Walls and Bridges
Walls and Bridges is a 10-day series of performances and critical explorations uniting French and American thinkers and artists from social sciences, philosophy, literature and live arts.
Says Who? Writing for a global perspective
The New York Public Library, 515 Malcolm X
Boulevard (at 135th Street), NY 10037
Discussion. Co-presented with Schomberg Center for Research in Black Culture-The New York Public Library, N+1 Magazine et Institution for Religion, Culture and Public Life
Featuring: Chimamanda Ngozi Adichie (Novelist / NI), Romain Bertrand (Historian / FR), Siddhartha Deb (Writer / IN), Farah Griffin (Professor of English and
Comparative Literature and African-American Studies / US). Hosted by Khalil Gibran Muhammad (Historian and Director of Schomburg Center for Research in Black Culture)
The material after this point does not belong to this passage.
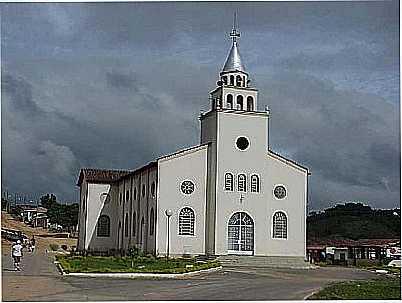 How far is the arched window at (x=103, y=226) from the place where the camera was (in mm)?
48188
How can we give voice to silent and “invisible people” in a globalized world? Chimamanda Ngozi Adichie has warned us on the “danger of a single story,” and French world historian Romain Bertrand tries to narrate the past from a global and equalitarian way. Farah Griffin examines the lives of African- American female artists and activists in Harlem during WWII (in Harlem Nocturne just published by Basic Civitas Books), while Siddhartha Deb pays homage, in his cultural and narrative analysis, to the variety of people and classes in contemporary India. These four internationally acclaimed writers discuss the effects of narratives, and the advantages of a global perspective in writing history and fiction.